Over the next four weeks we will take four different looks at this passage. We will look at the parable from the perspective of the victim, the priest and the Levite, the inn keeper, and the Good Samaritan. As we look at this parable from four different perspectives, it’s still important to remember what prompted Jesus to preach this well known story. 


A legal expert approaches Jesus to test him. The occasion for this moment isn’t rooted in genuine interest in Jesus or what Jesus has to share, but to test Jesus. How does the motive impact how we hear this parable? The expert asks Jesus about eternal life but he wants to know how he might “inherit” eternal life. Is that how we understand the gift of salvation or is there more to eternal life than an inheritance? Jesus response makes sense. Since his conversation is an expert in the law, ask him about the law. The expert has a great response, “Love God with all your heart and with all your soul and with all your strength and with all your mind and your neighbor as yourself.” Jesus tells him that if he does this, he will live. And if the expert had left the conversation there, maybe we don’t get this parable, but the legal expert, “wanting to vindicate himself” asks, “Who is my neighbor?” Cue the music as Jesus now tells this well known story. 

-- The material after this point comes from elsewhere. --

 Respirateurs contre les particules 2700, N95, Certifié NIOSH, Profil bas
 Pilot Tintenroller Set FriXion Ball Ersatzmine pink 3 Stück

Now to our focused character for this week, the victim. We don’t know much about this guy. We know that he is leaving Jerusalem, maybe he was there for religious purposes, maybe he lives in Jerusalem and he’s traveling to Jericho, regardless he finds himself in a difficult situation. Not only is he robbed, the thieves take his clothes, beat him, and leave him for dead. After this the victim is merely along for the ride. He is sidestepped by a priest and a Levite but he is rescued by the Samaritan. Is this surprising? Would the victim be OK with a Samaritan helping him? It’s an odd question as he is presumably death without this rescue but some have argued that cultural differences between the victim and the Samaritan would have made this rescue unlikely at best. He cares for the man, transports him to an Inn, and pays for his care. Why? Because he was moved by compassion to this man in need. This parable is bookended with this conversation between Jesus and the expert. Jesus asks him, “Who was a neighbor to the man in need?” The expert doesn’t refer to him as the Samaritan but rather “the one who showed him mercy” to which Jesus replies, “Go and do likewise.”


This story doesn’t happen without the victim. The victim doesn’t go looking for this situation, it happens to him, and it leads to an opportunity for compassion. How do we respond to those who are in need, especially when it is out of their control? How do we hope others will respond to us when we find ourselves in need? This is something that we are struggling with today. Do we come to the aid of those who are in need or do they just need to pull harder on those boot straps? How do we hope others will respond when we encounter struggles and we are literally or metaphorically, left for dead? Hopefully there are still neighbors out there who will show mercy.